Si Emmanuelle Duez n’a pas beaucoup travaillé en tant que salariée, c’est qu’elle a l’entrepreneuriat dans le sang. “J’ai fait des études à rallonge (Ndlr: Sciences Po, Essec, Université Bocconi à Milan) mais je ne savais pas ce que je voulais faire. J’ai découvert que ma force, c’était d’avoir des idées et je me suis vite rendu compte que j’étais faite pour l’entrepreneuriat.” On comprend donc qu’elle ne se soit pas arrêtée à Women’Up: elle a cofondé The Boson Project, un cabinet de conseil qui souhaite révolutionner le monde du travail et le mettre en adéquation avec la génération Y.

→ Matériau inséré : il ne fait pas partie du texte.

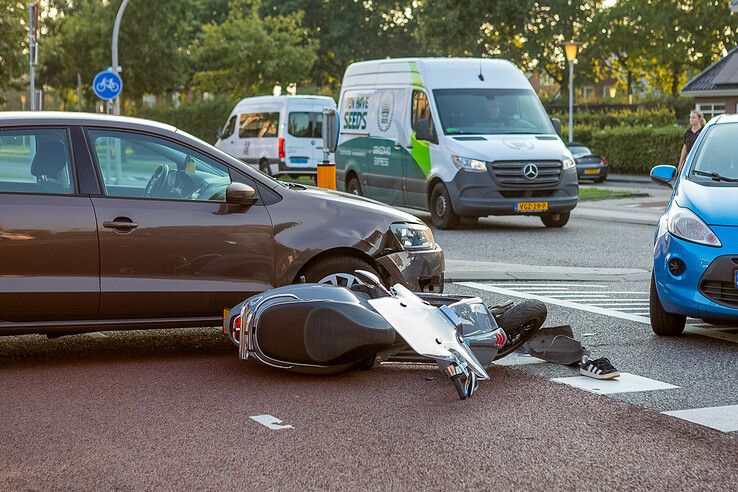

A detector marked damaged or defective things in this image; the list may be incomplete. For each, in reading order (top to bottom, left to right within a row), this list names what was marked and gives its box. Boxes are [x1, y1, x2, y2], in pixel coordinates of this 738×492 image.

crashed scooter [224, 270, 548, 402]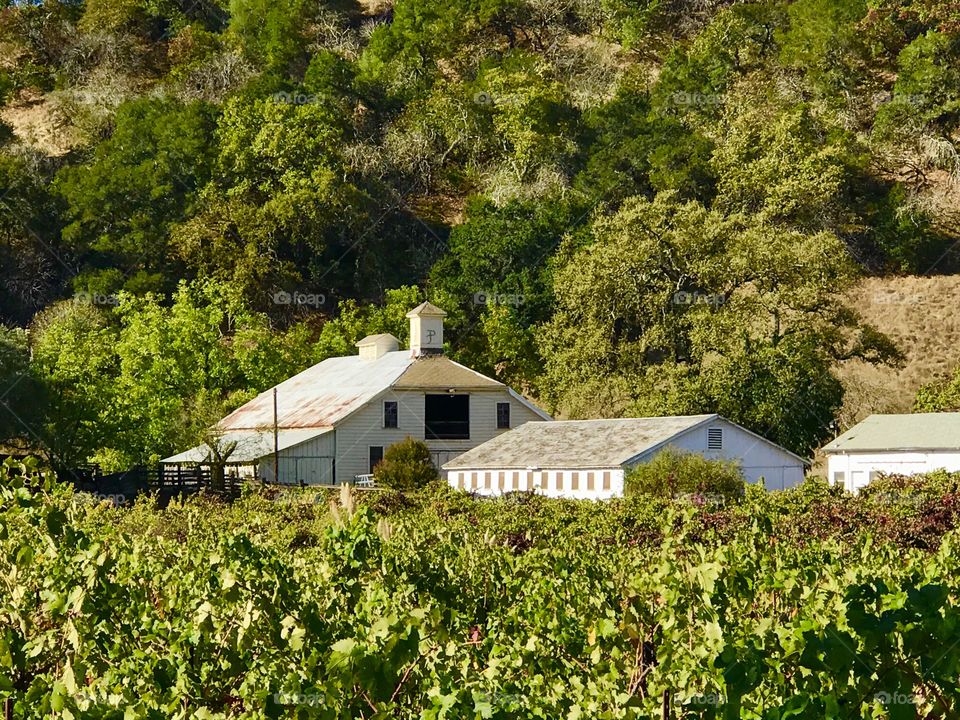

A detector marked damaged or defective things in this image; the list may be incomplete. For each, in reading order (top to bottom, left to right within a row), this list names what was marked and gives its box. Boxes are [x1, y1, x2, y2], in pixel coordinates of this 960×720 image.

rusted metal roof [218, 352, 416, 430]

Pour Emmanuelle Duez, cette génération est “omnisciente car elle possède une externalisation de son cerveau dans sa poche, le savoir à portée de clic et ça change pas mal de choses”. Une présomption de connaissance qui change notamment le rapport à l’autorité, à la hiérarchie et à l’entreprise. C’est aussi une génération massive et globalisée qui arrive dans un monde à réinventer avec un super pouvoir entre ses mains: le numérique. “Ce qui en fait des individus puissants.” La jeune entrepreneure a également coécrit un livre blanc sur l’intrapreuneuriat, a publié une enquête sur la génération Y et on peut voir plusieurs de ses interventions sur YouTube. C’est une pile électrique. Et donc une candidate parfaite à notre interview “Workaholic”.
À quand remontent les premiers symptômes de ton workaholisme?

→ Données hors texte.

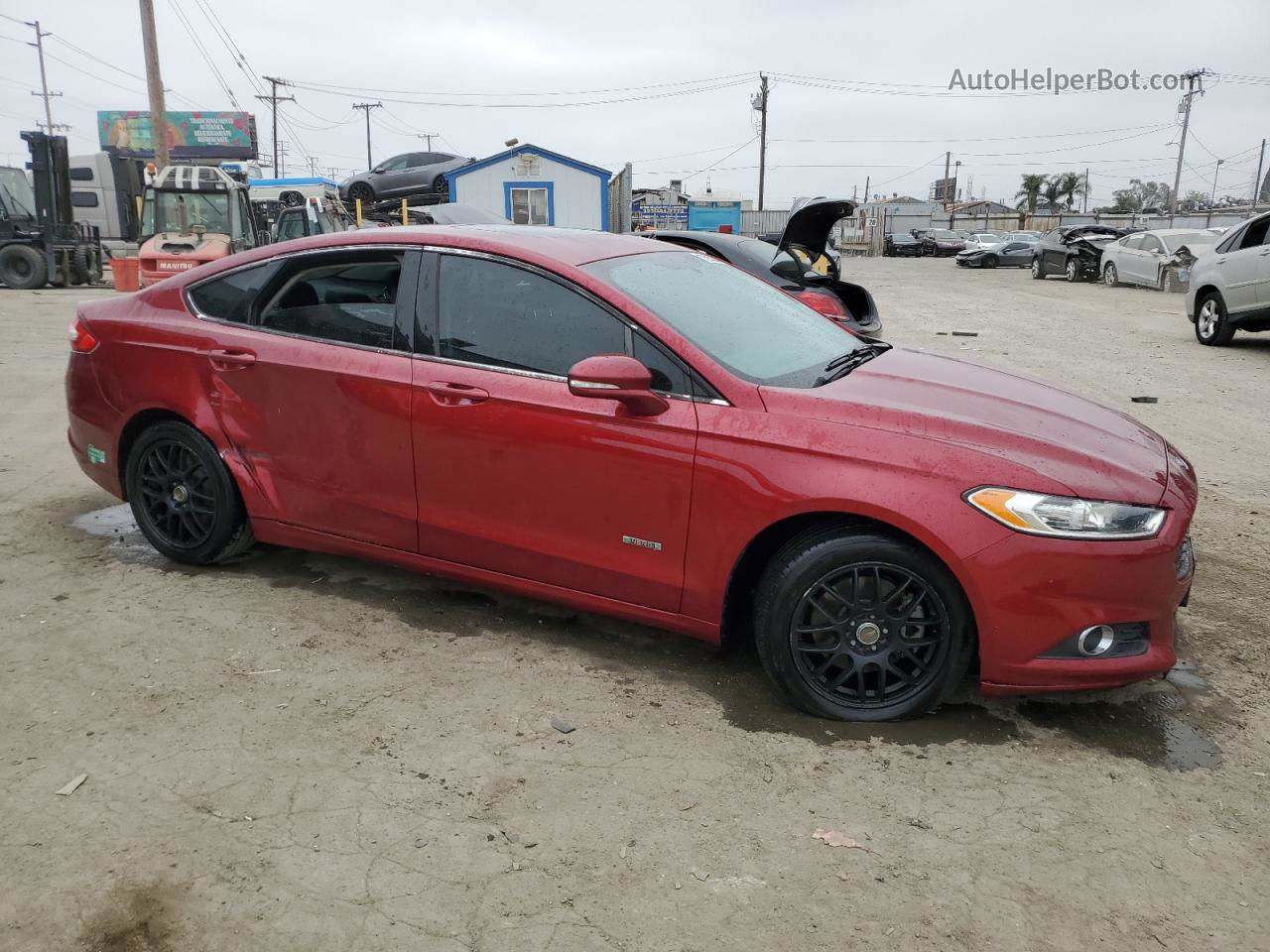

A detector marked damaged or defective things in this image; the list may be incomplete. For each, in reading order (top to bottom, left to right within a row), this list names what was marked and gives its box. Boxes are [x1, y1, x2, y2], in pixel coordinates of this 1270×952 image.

damaged vehicle [651, 195, 877, 337]
damaged vehicle [956, 237, 1040, 268]
damaged vehicle [1032, 224, 1119, 282]
damaged vehicle [1103, 229, 1222, 292]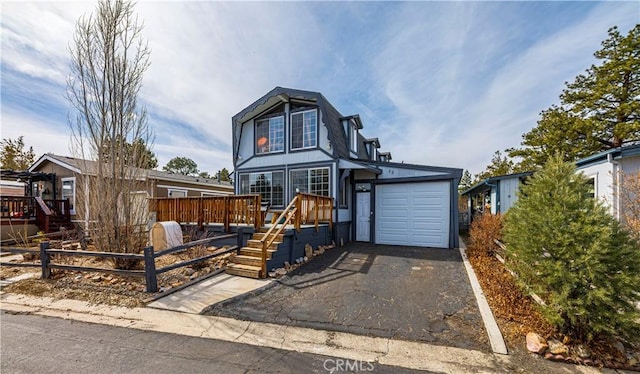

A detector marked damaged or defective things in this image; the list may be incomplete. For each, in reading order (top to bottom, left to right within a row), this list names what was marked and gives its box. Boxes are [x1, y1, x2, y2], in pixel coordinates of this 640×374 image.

cracked pavement [202, 244, 488, 352]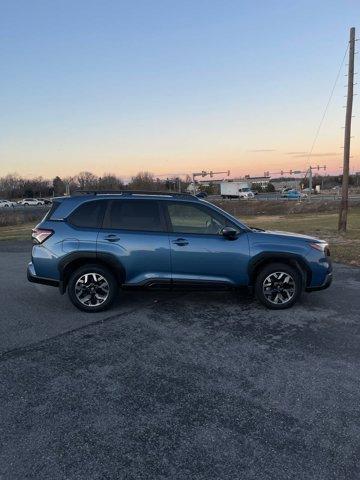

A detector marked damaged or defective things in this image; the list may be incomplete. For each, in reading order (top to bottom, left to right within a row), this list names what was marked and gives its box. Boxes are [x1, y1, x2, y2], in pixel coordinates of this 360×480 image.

cracked asphalt [0, 242, 360, 478]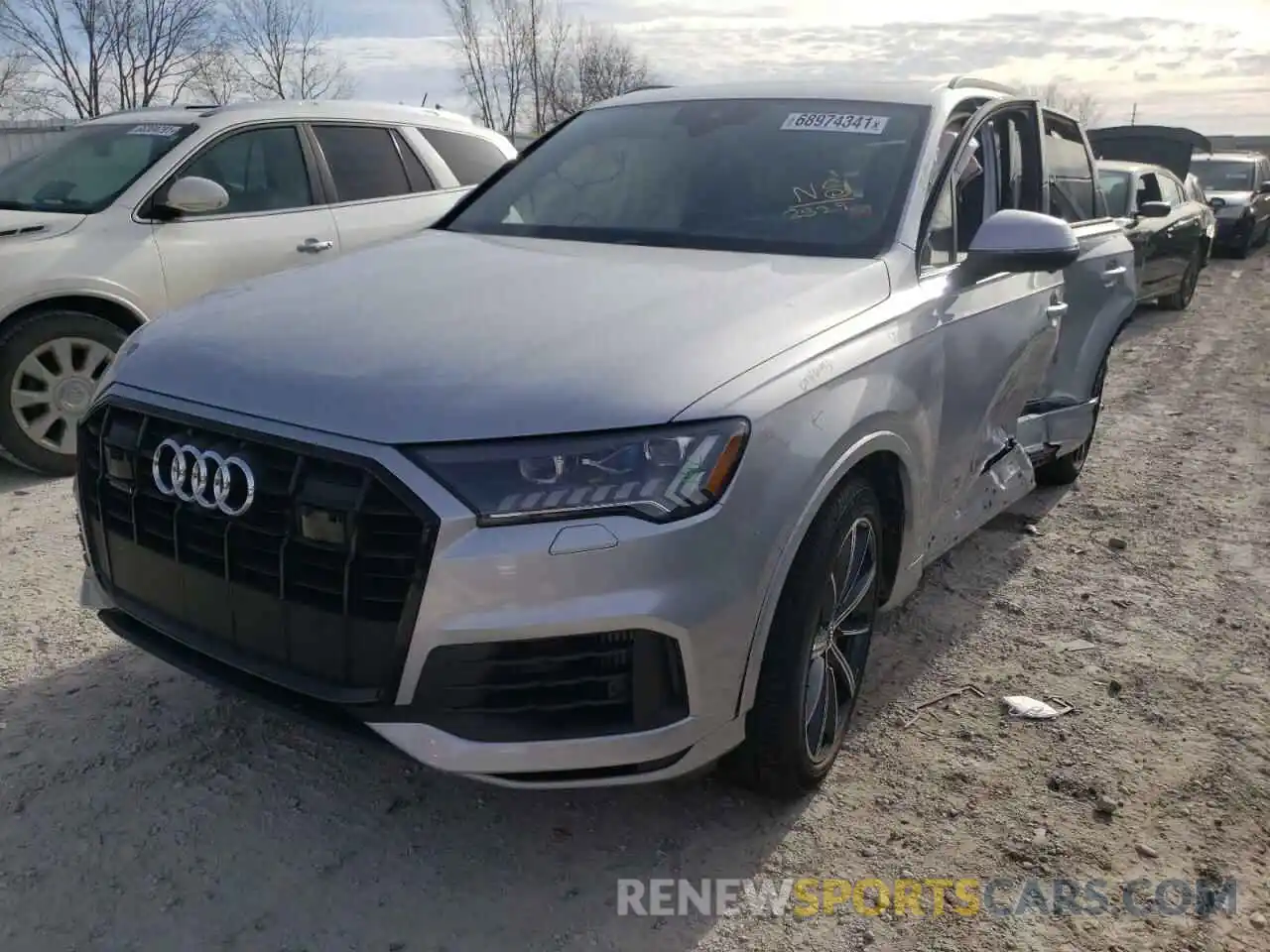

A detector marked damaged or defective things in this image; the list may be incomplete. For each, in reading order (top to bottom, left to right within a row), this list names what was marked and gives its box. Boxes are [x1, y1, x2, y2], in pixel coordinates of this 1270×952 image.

damaged rear door [1016, 109, 1135, 470]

Je crois que ça remonte au jour où j’ai décidé d’arrêter de travailler pour lancer Women’Up il y a cinq ans. Quand tu es génétiquement fait pour entreprendre, il n’y a plus de travail, c’est juste l’expression de ta personnalité H24.
La fois où tu as frôlé le burnout?
Pour moi, la vie d’entrepreneur c’est comme un tabouret à 3 pieds: le premier représente l’entreprise, le deuxième la sphère amoureuse et le troisième la sphère sociale, à savoir la famille et les amis. Le jour où l’un des trois s’effondre, on est instable, déséquilibré dans son bien-être. J’ai frôlé le burnout le jour où j’ai eu des blessures amoureuses.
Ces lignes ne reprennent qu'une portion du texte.